It's undeniable that when our social practices become tied up with restrictive communicative media, our vernacular language adapts accordingly. Indeed, the sort of shortenings and misspellings common to texting were long preceded by the chatroom slang popularized in the late 90s – to that end, a friend of mine still receives slang-ridden corporate emails from her now thirtysomething dotcom boss ('omg, capital improvement board meeting 2morrow!').
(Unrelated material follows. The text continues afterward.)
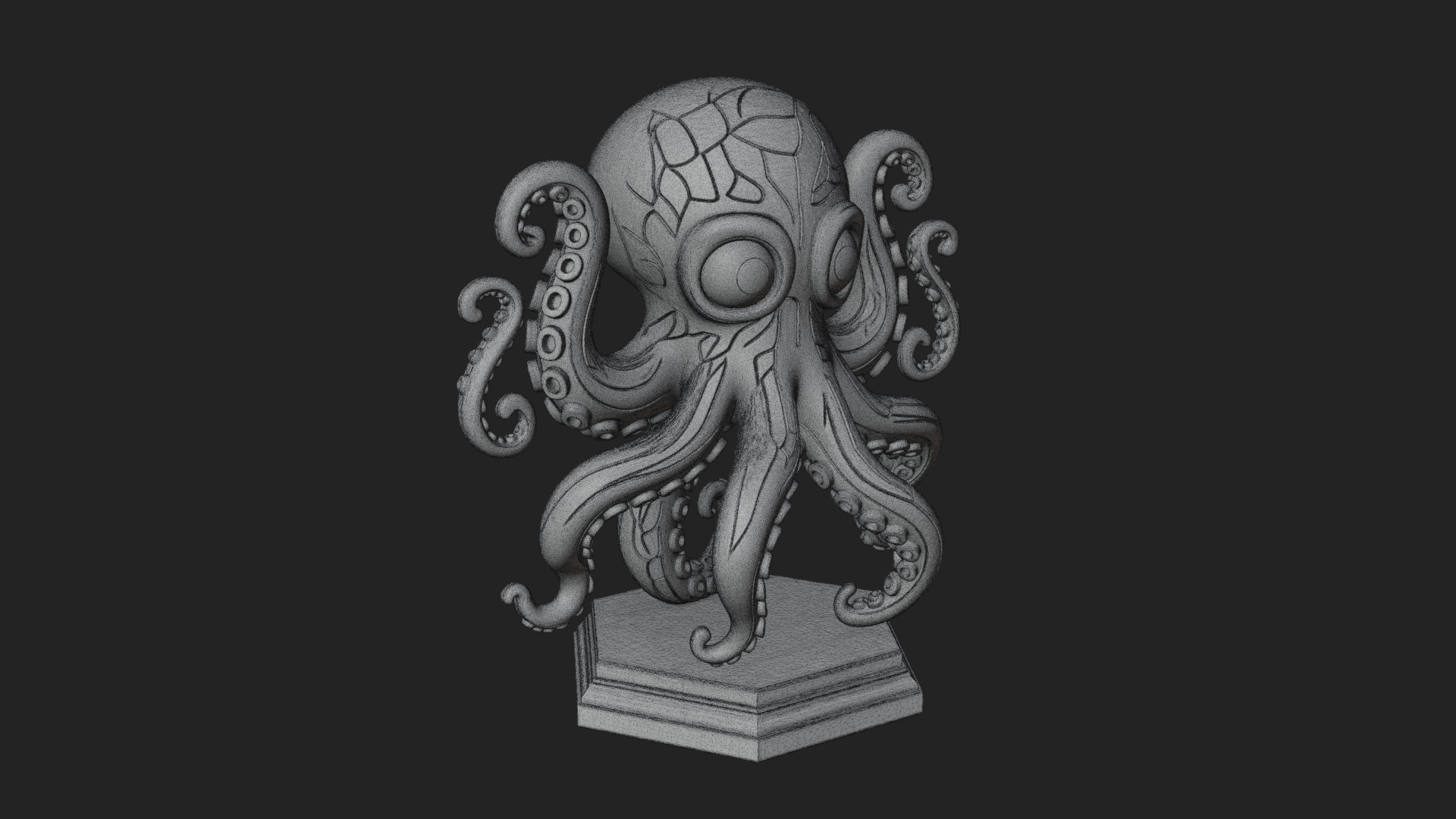 Cute Cartoon Octopus Statue Design 2 3D Print Model 3D Model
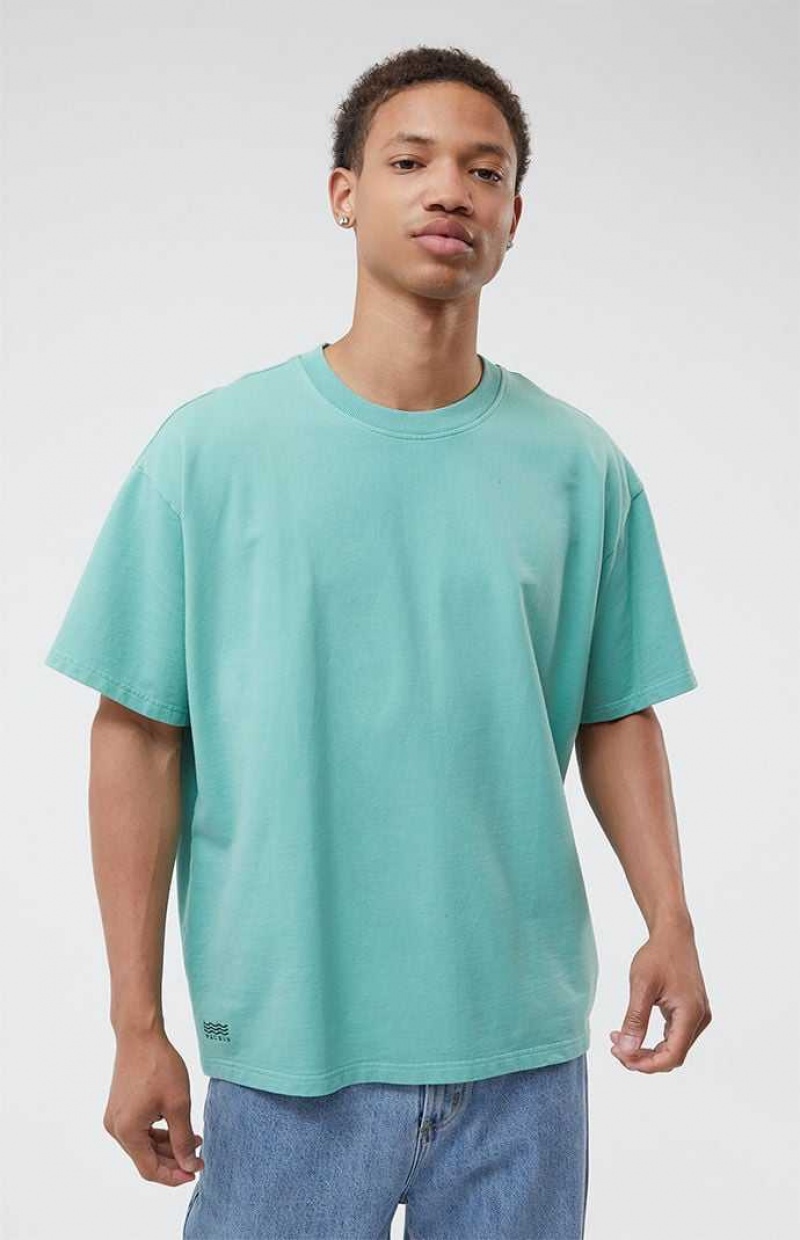 GREEN PacSun Green Oversized Terry T-Shirt | GUJBOIL-83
This technologically-spurred linguistic evolution can indicate a lot more than a mere degradation of accepted grammar though. These sorts of “always on” communicative technologies change not only the way we communicate, but the way we structure our social attitudes and interactions at really fundamental levels. As Rheingold sweepingly puts it, “aspects of social geography are changing before our eyes and ears.” (xxii)
A great example of such linguistically reflected social transformation can be found in “Prozvonit,” a word that's recently cropped up in common usage among speakers of Czech and Slovak. The word refers to the practice of “[calling] someone's mobile from your own to leave your number in their memory without them picking it up” (as defined alongside some other linguistic wonders in Adam Jacot de Boinod's Toujours Tingo: More Extraordinary Words To Change The Way We See The World).
That this practice warrants its own Slavic verb makes clear the extent to which general social interactions have been transformed by the availability of cellular technology in the region. To begin with, cell phones are pervasive enough to widen the semantic scope of commonly defined actions. But beyond this, phones aren't merely everpresent here – rather, they're assuming a sort of agency in the social situation, as the need to verbally exchange numbers has been supplanted by the phone's ability to store and recall a chronological record of its received calls. The gesture breaks a once formidable social interaction down to the simple exchange of bits of information ; no-longer will dates be scrawling their digits onto the forearms of their casanovas. Sure, we're a long way from being borglike. But to some degree, meeting someone has become less personal, has been transformed into an exchange of data.
Perhaps this kind of thing is less apparently revolutionary when compared to the micronesian political mobilizations Rafael explores in "Generation TXT"... but such linguistic adaptation still certainly evidences the extent to which such revolutionary changes in the protocols of social interaction are taking place.